Irak: deputowani domagają się wycofania obcych wojsk
Blisko jedna trzecia irackich deputowanych
podpisała się pod apelem z żądaniem wycofania obcych wojsk
stacjonujących w Iraku od dwóch lat. Kopia apelu została rozprowadzona wśród mediów.
Na 275 deputowanych tymczasowego Zgromadzenia Narodowego, 82 - szyici, Kurdowie, sunniccy Arabowie, chrześcijanie i komuniści - podpisało się pod listem wysłanym tydzień temu przez Falaha Hassana Szanszala do przewodniczącego parlamentu Hadżima al- Hasaniego.
Szanszal stoi na czele Zjednoczonego Sojuszu Irackiego, bloku złożonego gównie z szyickich partii religijnych, który zwyciężył w wyborach parlamentarnych 30 stycznia, zdobywając 140 mandatów.
W liście Szanszal napisał: "Apelowaliśmy, podczas wielu sesji (parlamentu), o wycofanie wojsk okupacyjnych. Nasze żądanie zostało zignorowane".
"Jest rzeczą niebezpieczną, iż rząd iracki wystąpił do Rady Bezpieczeństwa ONZ o przedłużenie obecności sił okupacyjnych bez konsultowania się z reprezentantami narodu, którzy posiadają mandat do podjęcia takiej decyzji" - czytamy dalej w liście.

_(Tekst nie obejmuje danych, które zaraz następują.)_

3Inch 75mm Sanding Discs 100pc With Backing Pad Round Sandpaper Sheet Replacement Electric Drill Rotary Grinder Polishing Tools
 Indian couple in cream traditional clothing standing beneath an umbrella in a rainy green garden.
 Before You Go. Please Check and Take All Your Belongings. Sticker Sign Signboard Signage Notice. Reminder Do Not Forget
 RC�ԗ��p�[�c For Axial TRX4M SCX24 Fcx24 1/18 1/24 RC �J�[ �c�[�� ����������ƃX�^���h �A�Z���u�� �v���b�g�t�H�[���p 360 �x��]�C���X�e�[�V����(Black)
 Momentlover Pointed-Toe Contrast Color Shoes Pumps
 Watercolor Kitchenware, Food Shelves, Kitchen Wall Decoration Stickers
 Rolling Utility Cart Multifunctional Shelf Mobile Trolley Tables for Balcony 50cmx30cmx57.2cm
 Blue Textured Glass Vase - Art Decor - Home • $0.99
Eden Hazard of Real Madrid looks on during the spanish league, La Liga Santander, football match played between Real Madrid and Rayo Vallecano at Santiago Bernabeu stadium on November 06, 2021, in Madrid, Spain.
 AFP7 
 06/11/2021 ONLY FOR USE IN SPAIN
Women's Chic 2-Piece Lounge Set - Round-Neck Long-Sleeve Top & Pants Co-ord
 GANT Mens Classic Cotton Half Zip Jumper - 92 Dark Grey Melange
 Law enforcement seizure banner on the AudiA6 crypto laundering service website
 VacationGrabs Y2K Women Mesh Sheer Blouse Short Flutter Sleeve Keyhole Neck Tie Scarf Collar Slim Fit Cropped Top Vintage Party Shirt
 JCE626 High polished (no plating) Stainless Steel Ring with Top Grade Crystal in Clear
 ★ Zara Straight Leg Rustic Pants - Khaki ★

"Musimy odrzucić prawomocność okupacji i ponowić nasze żądanie wycofania tych sił" - stwierdzają sygnatariusze.
Rada Bezpieczeństwa ONZ, odpowiadając na prośbę rządu irackiego, przedłużyła 31 maja mandat sił wielonarodowych w Iraku działających pod dowództwem amerykańskim, "do czasu zakończenia procesu politycznego i zgodnie z rezolucją nr 1546" z 8 czerwca zeszłego roku.
Obecny mandat sił wielonarodowych wygasa z końcem grudnia. Przedłużając go w zaakceptowanym jednomyślnie oświadczeniu, Rada nie określiła, jak długo nowy mandat ma obowiązywać.
W Iraku stacjonują obecnie 162 tysiące żołnierzy z 24 krajów, w tym 138 tysięcy żołnierzy amerykańskich, 9000 brytyjskich i około 1630 polskich.